The excess shares multiplied by the common stock price on the contingent conversion date is the value that should be recorded.

Some important points include:

  • If a convertible debt instrument is redeemed before the maturity date and it had no intrinsic value at the issuance date, no portion of the reacquisition price should be allocated to the conversion option.
  • If a company issued a convertible debt instrument with stock warrants attached, the date for the recording of intrinsic value of the conversion feature will be the commitment date of warrants and not the exercise date.
  • The deemed proceeds for determining whether a beneficial conversion option exists are equal to the sum of the proceeds received for the warrant and the exercise price of the warrant.
  • A conversion feature may allow the investors to receive both common stocks and warrants to acquire common stocks. It means from both the conversion feature as well as stock warrants attached. In that case, the intrinsic value of the conversion can be measured as the difference between:
    • The proceeds proportioned to the common stock of the conversion feature, and
    • The fair value of the commitment date of the common stock that the investor would receive upon conversion.

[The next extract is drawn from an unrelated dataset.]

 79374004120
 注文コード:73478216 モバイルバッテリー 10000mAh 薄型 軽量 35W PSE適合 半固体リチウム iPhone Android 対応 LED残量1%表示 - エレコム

Derecognition of Convertible Debt

ASC 470-50 provides guidelines on the accounting treatment for the derecognition of the convertible debt.

The proceeds can be received fully or partially in cash. The proceeds should first be allocated to the extinguishment of the liability component of the fair value of the liability component.

Difference between the amount allocated to the liability component and the sum of:

  • the net carrying amount of the liability component, and
  • any unamortized debt issuance costs

These should be recorded as a gain or loss on the financial statement.